The role of norepinephrine (NE) in autonomic ganglia has been difficult to assess, particularly because of incomplete knowledge of the storage sites of NE in these ganglia. This communication correlates fluorescence histochemical and electron-microscopic evidence for two morphologically distinct stores of NE in rat autonomic ganglia with very different responses to depleting drugs and to a catecholamine synthesis inhibitor. One storage site is a "chromaffin" cell, probably an interneuron, which is extremely resistant to depletion by reserpine or agr-methyl-m-tyrosine, and responds very slowly to agr-methyl-p-tyrosine.

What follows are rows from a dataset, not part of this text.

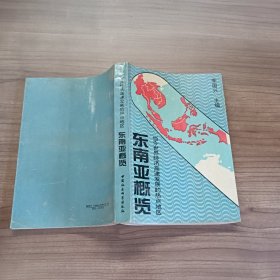 东南亚概览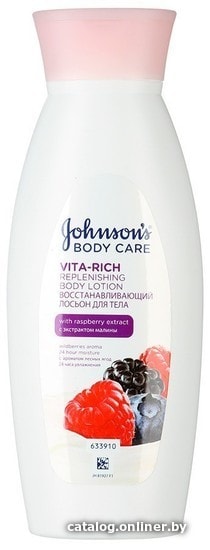 

Johnson's Body Care Vita Rich восстанавливающий с экстрактом малины 250 мл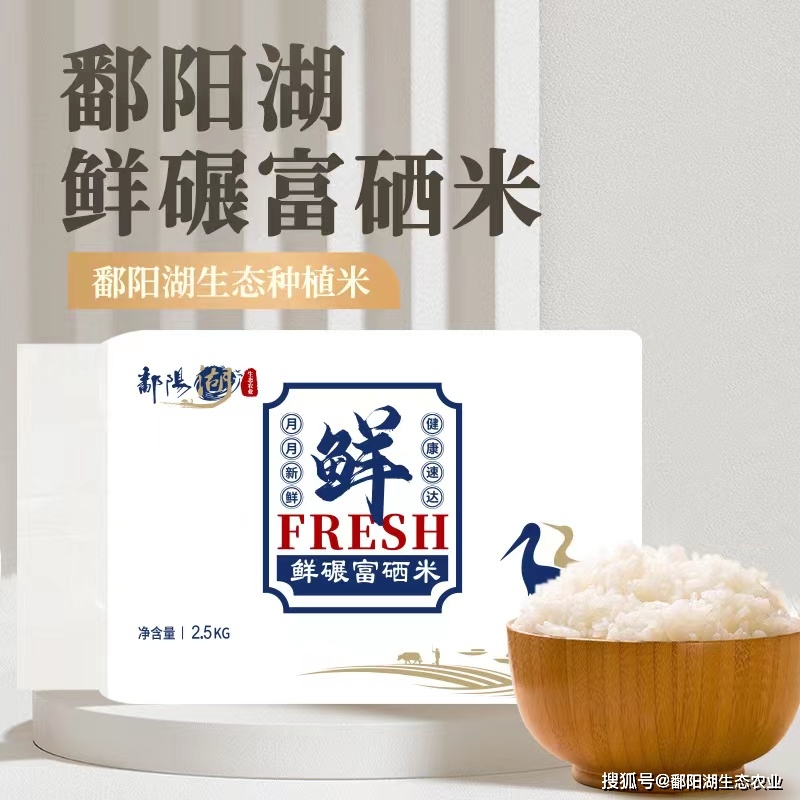 江西富硒大米直播（江西富硒大米多少钱一斤）-硒宝网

The other type of NE store is represented by clusters of small granular vesicles within the perikarya of ganglionic adrenergic neurons, in small dendrite-like processes and in nerve fibers throughout the ganglion. This latter type of NE storage site is easily depleted by reserpine and agr-methyl-m-tyrosine, and may be presumed to have a faster NE turnover because of the rapid response to agr-methyl-p-tyrosine. Because of the very different responses of these two NE stores to drugs, it would be difficult to evaluate the functional role of NE in autonomic ganglia without recourse to histochemical and fine structural studies.